| The task |
Repeat the records below exactly, beginning at the first line and finishing with the line that contains "जंगल में मिले".
•••••
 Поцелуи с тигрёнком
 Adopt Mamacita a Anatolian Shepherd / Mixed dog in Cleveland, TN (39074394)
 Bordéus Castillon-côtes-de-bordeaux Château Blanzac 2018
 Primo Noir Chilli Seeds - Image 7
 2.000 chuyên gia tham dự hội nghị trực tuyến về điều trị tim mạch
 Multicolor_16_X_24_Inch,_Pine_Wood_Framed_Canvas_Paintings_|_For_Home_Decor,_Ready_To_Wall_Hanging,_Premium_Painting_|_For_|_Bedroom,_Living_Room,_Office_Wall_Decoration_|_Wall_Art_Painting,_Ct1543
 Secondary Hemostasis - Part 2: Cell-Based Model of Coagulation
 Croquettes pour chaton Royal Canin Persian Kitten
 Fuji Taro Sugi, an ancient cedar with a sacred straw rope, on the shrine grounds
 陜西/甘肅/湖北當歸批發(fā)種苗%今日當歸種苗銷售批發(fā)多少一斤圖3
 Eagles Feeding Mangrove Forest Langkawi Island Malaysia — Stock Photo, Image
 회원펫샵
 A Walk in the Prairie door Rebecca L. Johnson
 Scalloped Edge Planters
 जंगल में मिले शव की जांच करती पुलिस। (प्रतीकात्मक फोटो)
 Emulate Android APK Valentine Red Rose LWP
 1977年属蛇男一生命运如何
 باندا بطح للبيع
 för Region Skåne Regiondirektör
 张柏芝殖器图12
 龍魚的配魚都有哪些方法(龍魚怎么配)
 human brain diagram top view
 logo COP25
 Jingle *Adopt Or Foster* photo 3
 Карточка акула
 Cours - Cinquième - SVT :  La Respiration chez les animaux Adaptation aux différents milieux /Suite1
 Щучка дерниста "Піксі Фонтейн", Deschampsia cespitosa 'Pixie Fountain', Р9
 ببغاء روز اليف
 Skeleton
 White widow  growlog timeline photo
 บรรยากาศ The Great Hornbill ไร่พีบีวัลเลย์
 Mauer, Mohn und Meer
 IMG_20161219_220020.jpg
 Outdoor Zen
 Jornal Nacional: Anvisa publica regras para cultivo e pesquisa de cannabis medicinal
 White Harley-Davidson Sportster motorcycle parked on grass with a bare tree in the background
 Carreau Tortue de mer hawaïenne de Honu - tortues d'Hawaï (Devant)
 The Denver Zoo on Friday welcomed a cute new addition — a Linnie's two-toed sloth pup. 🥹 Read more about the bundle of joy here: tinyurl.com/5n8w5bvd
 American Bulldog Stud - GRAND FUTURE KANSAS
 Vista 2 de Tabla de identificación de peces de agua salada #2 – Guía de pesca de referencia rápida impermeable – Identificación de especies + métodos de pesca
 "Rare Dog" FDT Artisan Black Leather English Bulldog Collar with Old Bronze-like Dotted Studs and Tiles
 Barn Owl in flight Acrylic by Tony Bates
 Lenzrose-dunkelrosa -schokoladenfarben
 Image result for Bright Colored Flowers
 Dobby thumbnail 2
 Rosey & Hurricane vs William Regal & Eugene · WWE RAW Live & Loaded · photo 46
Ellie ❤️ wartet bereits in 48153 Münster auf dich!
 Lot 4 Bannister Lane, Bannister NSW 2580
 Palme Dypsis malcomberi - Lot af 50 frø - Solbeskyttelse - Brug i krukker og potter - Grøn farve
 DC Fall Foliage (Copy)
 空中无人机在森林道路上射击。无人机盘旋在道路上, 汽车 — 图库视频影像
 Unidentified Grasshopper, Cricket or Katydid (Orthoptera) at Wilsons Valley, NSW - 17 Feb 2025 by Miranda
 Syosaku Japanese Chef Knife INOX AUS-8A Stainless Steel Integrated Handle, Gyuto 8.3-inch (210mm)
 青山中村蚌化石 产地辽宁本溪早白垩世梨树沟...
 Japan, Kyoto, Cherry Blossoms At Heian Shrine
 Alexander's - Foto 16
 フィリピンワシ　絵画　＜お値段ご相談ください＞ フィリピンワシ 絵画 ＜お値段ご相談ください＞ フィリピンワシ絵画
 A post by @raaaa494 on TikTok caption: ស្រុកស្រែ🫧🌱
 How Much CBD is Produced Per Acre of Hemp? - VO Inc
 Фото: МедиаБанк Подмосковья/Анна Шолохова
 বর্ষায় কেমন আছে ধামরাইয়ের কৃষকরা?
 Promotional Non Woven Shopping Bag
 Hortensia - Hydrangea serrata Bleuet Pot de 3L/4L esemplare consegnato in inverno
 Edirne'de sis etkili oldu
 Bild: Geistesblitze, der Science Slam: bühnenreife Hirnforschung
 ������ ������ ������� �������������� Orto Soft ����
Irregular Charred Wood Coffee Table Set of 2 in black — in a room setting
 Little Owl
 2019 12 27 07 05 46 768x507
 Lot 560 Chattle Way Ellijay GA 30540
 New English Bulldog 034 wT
•••••
| Output |
 Поцелуи с тигрёнком
 Adopt Mamacita a Anatolian Shepherd / Mixed dog in Cleveland, TN (39074394)
 Bordéus Castillon-côtes-de-bordeaux Château Blanzac 2018
 Primo Noir Chilli Seeds - Image 7
 2.000 chuyên gia tham dự hội nghị trực tuyến về điều trị tim mạch
 Multicolor_16_X_24_Inch,_Pine_Wood_Framed_Canvas_Paintings_|_For_Home_Decor,_Ready_To_Wall_Hanging,_Premium_Painting_|_For_|_Bedroom,_Living_Room,_Office_Wall_Decoration_|_Wall_Art_Painting,_Ct1543
 Secondary Hemostasis - Part 2: Cell-Based Model of Coagulation
 Croquettes pour chaton Royal Canin Persian Kitten
 Fuji Taro Sugi, an ancient cedar with a sacred straw rope, on the shrine grounds
 陜西/甘肅/湖北當歸批發(fā)種苗%今日當歸種苗銷售批發(fā)多少一斤圖3
 Eagles Feeding Mangrove Forest Langkawi Island Malaysia — Stock Photo, Image
 회원펫샵
 A Walk in the Prairie door Rebecca L. Johnson
 Scalloped Edge Planters
 जंगल में मिले शव की जांच करती पुलिस। (प्रतीकात्मक फोटो)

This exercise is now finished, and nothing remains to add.